Set some bedroom boundaries.
Consider that a bellyful of pizza could put some limits on the bedroom calisthenics. That doesn’t mean fun can’t be had, but perhaps not into the wee hours. He might be training for a marathon, but it’s the kind you wear clothes for. While pounding the pavement for those 26 miles on the weekend, his eyes might drift to the runner who is pacing him. How will his pillow-mate feel to see those eyes sliding over someone else, when the only thing they did in bed last night was flicker in deep REM sleep?
Employ poetic justice.
The poetry? Write on, brother. We’ll forgive you if it rhymes.
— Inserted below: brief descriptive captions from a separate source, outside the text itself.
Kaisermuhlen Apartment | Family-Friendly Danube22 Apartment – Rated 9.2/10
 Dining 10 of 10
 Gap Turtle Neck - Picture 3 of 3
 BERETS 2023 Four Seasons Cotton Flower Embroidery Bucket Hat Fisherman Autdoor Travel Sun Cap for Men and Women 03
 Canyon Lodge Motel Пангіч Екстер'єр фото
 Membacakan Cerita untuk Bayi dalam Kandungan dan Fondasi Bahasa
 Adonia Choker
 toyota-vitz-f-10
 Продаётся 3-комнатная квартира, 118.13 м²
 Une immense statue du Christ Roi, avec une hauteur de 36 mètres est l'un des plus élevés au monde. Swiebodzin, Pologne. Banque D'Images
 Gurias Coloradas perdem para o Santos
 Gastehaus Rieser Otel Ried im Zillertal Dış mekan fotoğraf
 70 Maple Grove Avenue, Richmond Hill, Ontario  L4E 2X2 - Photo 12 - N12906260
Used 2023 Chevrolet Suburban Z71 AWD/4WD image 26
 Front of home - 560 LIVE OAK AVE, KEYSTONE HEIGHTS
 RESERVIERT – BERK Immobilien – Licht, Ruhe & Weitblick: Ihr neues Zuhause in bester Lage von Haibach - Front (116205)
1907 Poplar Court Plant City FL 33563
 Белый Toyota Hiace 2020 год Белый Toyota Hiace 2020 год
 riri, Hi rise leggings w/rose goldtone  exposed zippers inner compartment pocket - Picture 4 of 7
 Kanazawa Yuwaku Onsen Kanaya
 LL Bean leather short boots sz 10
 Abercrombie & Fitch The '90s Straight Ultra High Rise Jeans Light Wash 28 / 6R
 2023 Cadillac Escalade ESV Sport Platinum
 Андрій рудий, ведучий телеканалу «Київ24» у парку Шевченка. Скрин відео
Or, maybe his counterpart has a Master of Fine Arts degree and returns his missive of love with a few red pen marks.
One sensitive alpha male who is far from perfect is Robert Galbraith’s (aka J.K. Rowling’s) private detective, Cormoran Strike. Strike admits to being a little overweight. He’s a hulking presence, and more than once the hair on his head is compared to hair that grows … elsewhere.
An amputee with chronic pain issues, a bit of a temper and a fondness for pubs, Strike can’t even show his new secretary, Robin, the courtesy of remembering her name upon their first meeting. But sensitivity lurks beneath, and he—believably—beds a supermodel in the series’ first book. Women flock to Strike despite his shortcomings, something that the engaged Robin finds herself oddly irked by.
Now, these examples may seem specific, but they’re meant to prove a point. The perfect love interest might seem like a good idea while crafting your novel, but if you want your readers to relate, you’re going to have to put some cracks in that veneer. Don’t forget, your readers probably have someone that they care for in real life—someone who, being an actual human, has some rough edges. Giving your love interest a few as well might just appeal to your characters, and your readers, even more than the irresistibly unattainable figure from your wildest dreams.